Did You Really Just Say That – You Got to be Joking!

If only marriage did not contain verbal baggage. You know, all of those stupid things that spouses spout off to one another, rooted from often baseless and petty complaints that seem to arise directly from the sand dunes of stress and familial frustration. Here are just two of the most popular!

“What exactly, did you do all day?’” Said from an irritated husband upon coming home to find his stay at home wife, helpless and haggard among a mound of laundry (and a messy house) AND two toddlers’. Or

‘well, you’re NEVER home!’” Said from a sassy wife to her husband who is out ‘bringing home the bacon’’ day in and day out so the kids don’t have to go to daycare.
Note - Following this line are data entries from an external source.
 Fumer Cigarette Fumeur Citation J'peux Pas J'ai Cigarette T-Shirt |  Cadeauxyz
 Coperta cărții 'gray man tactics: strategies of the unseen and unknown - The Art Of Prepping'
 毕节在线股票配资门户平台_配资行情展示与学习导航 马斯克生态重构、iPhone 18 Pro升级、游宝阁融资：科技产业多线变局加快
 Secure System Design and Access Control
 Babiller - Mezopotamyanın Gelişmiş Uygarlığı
And sadly, there are tons more. In fact, one aspect of marriage that many people don’t tell you about is how quickly an ordinary conversation can turn malicious and mean, judgmental and critical – within moments. Why? Well, quite simply, because the easiest person to blame for anything and everything that goes wrong in your family circle is your spouse. Plus, who else aside from someone who stood next to you at an alter, will put up with your schizophrenic mood swings and allow you to blow off steam in the form of snarky comments? No one! That’s who.

At some point though, you have to wonder what sort of affect these, ‘did you really just say that,’” moments have on the marriage. In the course of marriage, couples normally silently decide that they aren’t going to argue or bicker their way through every aspect of living together to forge the perfect marriage. And most folks, also decide and recognize that learning to live with one another’s differences and idiosyncrasies is easier than constantly nagging and being annoyed with one another. Yet, the passive aggressive moments of resentment still trickle like a leaky faucet and end up being verbalized as randomly hosed slams against one another. Are YOU listening?

Marriage counselors agree that often, the editorial like critique from a spouse about the lack of sex, the lack of cleanliness in the house, leaving underwear on a chair in the bedroom or other silly little things are truly worth paying attention to. Most couples dare say in a heated moment the things that are really bothering them. And surprisingly, these well-directed stabs aren’t often about something bigger looming over the surface. They are in fact, the truth. Yes, it really bothers your spouse that you never pick up your underwear and yes, it really upsets your spouse that the house is suffering from clutter overload. But the good news is that they still love you.

Every person brings to marriage different expectations of how to live and how to live well. There is absolutely no perfect way to perfectly mesh these ideals, and yet in a world with much bigger things going on than whose method (about everything) is right the little things still matter in a marriage. So if your spouse is being, what you feel is over critical, and perhaps rude about their complaints you might want to listen to what he or she is saying and try to compromise. If you give a little in his or her direction, he or she will give a little in yours. When it’s all said and done, it’s about balance.

it’s also extremely important in relationships, especially close ones not to use your spouse as a sounding board. Choose to verbalize your complaints and have your opinions known when you aren’t feeling overly stressed and aren’t in the midst of a heated debate about whether the toilet seat should go up or down. This way, your words won’t be so hurtful and will likely be heard much more clearly.

Of course, every relationship that involves rings and childbirth also comes with a healthy dose of competition and feeling righteous about who does more around the house. Hashing out these differences and seeing the marriage as a partnership, which means that surviving at work AND in a home with children, are equally impressive and important acts. And remembering that you still have sex, regardless of who initiates it can go miles for making things amicable. In other words, your partner’s shoes are no easier to fill than yours are. Different, yes. But easier, no!

Next time your partner says something that feels a little too sticky call him or her OUT on it. Be assertive and say, ‘did you really mean to stab the knife in my back and twist, or are you just a little annoyed right now?’” When you call your spouse on these ‘oh my goodness, you just said that OUT LOUD’” statements, you can quickly bring him or her back to mindfulness and force them to be responsible for what he or she says. Plus, you will have a moment to actually ‘discuss’’ the comment and see what can be done to fix things, rather than settle in to stewing about it for days on end wondering what your spouse really meant! If your spouse is really mad that you leave your shoes in a mad mess in the bottom of the closet then just maybe, you can try harder not to. And hey, maybe in return they will correct one of their most annoying habits as well.

Look, life is short. In marriage and family, it is ALWAYS better to stay on top of things and try to keep communication clear and up front, so you don’t waste time being mad about petty things. Try to remember of course, that BOTH of you are doing YOUR PERSONAL best to make things work. And while your approaches may be different, standing together will make you much stronger than tearing each other up with verbal bullets will.